Nelle prossime settimane si conta di poter ritornare ad usare tutto l’impianto per arrivare ad una capienza di circa 16 mila spettatori, meno dei 20 mila richiesti per una partita di A, servirà quindi comunque una deroga.
L’ultima partita del Cagliari al Sant’Elia risale al 1 aprile del 2012, sulla panchina sedeva Ficcadenti e i gol di Conti e Pinilla servirono a conquistare tre punti contro l’Atalanta di Colantuono. La settimana dopo iniziò l’esilio cagliaritano, in occasione della sfida con l’Inter infatti la squadra giocò per la prima volta al Nereo Rocco di Trieste, finì 2-2. Sempre nel capoluogo giuliano si giocò anche la partita che consegnò matematicamente il ventottesimo scudetto alla Juventus di Antonio Conte. La scorsa stagione è stata caratterizzata dalla lunghissima querelle sullo stadio di Quartu Sant’Elena che ha portato all’arresto di Massimo Cellino e alcuni rappresentanti del Comune per peculato e falso ideologico. Ad Is Arenas si è giocato poche volte, ci sono stati i punti a tavolino della Roma e poi il nuovo viaggio lungo l’Italia.
Sabato finalmente si torna a giocare in casa, sebbene, come già detto, si tratta comunque di una soluzione che non è possibile considerare definitiva. Lo storico impianto dello scudetto non è assolutamente adeguato ad ospitare incontri di Serie A e di sicuro la battaglia di Cellino per lo stadio di proprietà ricomincerà.
Nel frattempo i tifosi rossoblu potranno riabbracciare la propria squadra e assistere alle partite in Sardegna senza dover fare pesanti e costose trasferte. E anche i giocatori saranno sicuramente felici di poter finalmente ritornare a giocare davanti al proprio pubblico.

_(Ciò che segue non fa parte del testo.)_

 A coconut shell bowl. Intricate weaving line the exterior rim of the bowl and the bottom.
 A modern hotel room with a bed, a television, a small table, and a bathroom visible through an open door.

Se ti è piaciuto l'articolo, iscriviti al feed per tenerti sempre aggiornato sui nuovi contenuti del blog!

2 commenti:

Tifosi_si_nasce ha detto...

io però sono scontento che sono tornati al S.Elia e non ad Is Arenas, c'era la possibilità di giocare in uno stadio di proprietà ed invece restano vincolati al comune, boh...

Mattia ha detto...

Questo la dice lunga sul fatto che in Italia la burocrazia non agevola la costruzione di uno stadio di proprietà ma la ostacola. Comunque l'importante é essere tornati a giocare a Cagliari. Presto si risolverà anche la questione relativa all' Arenas.